● Dataset extract
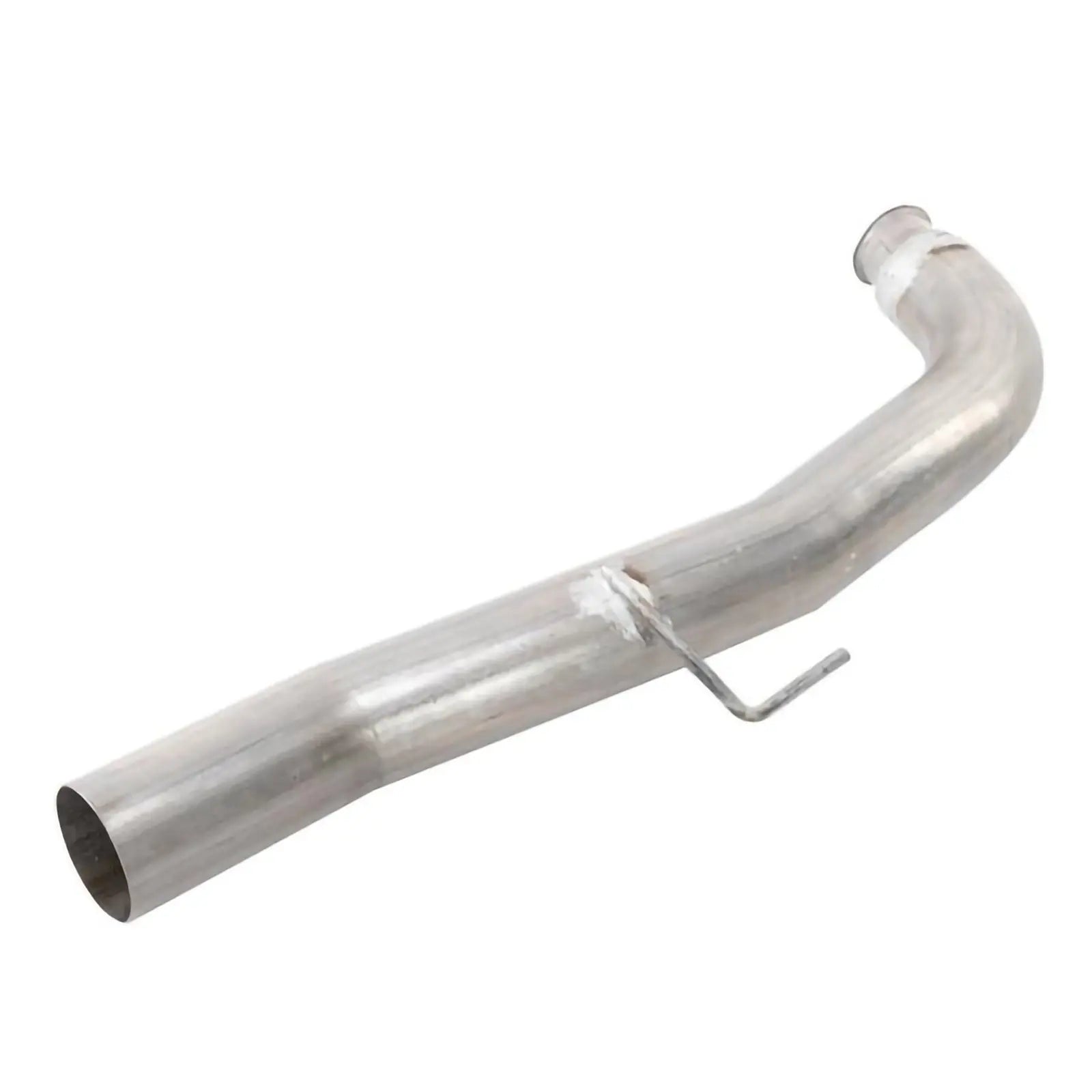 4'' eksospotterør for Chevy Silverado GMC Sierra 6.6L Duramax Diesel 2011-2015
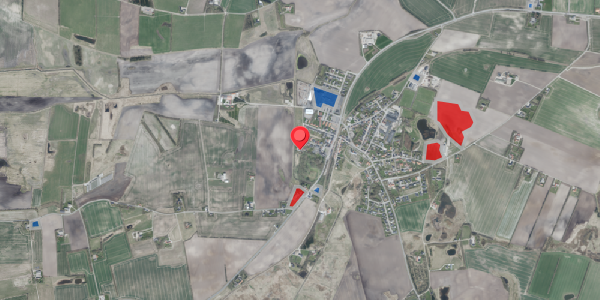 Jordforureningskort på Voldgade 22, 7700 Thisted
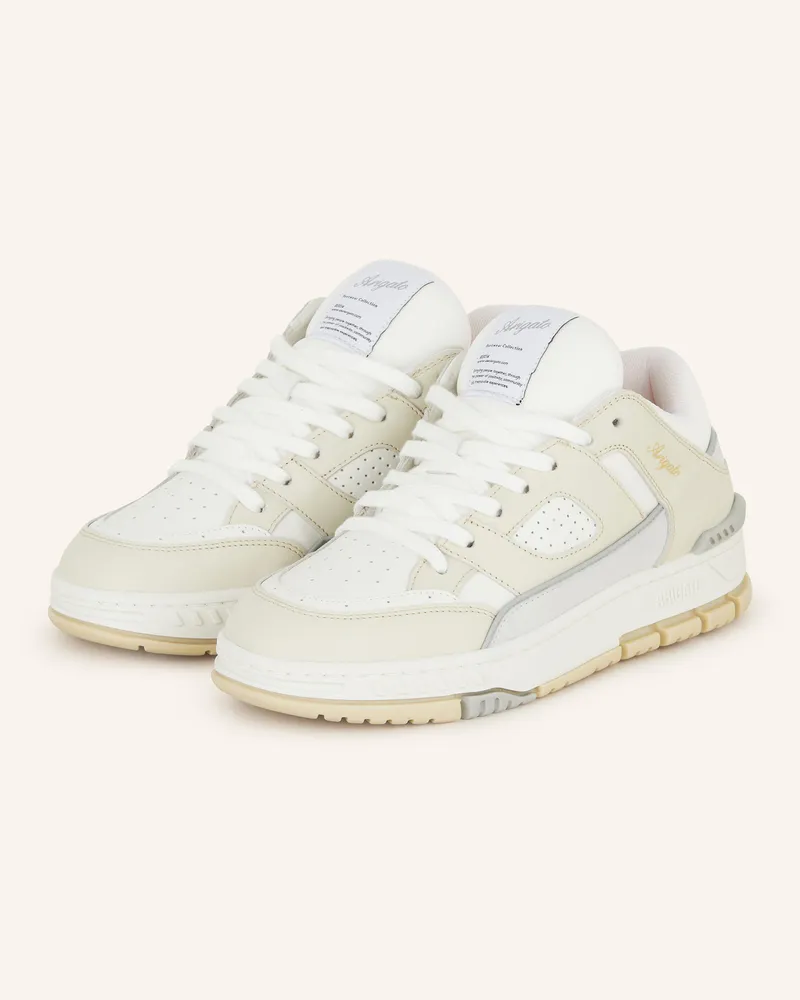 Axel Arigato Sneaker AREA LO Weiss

● Task item
Your copy should match the data exactly, apart from the images, which are dropped.

● Output of the exercise
 4'' eksospotterør for Chevy Silverado GMC Sierra 6.6L Duramax Diesel 2011-2015
 Jordforureningskort på Voldgade 22, 7700 Thisted
 Axel Arigato Sneaker AREA LO Weiss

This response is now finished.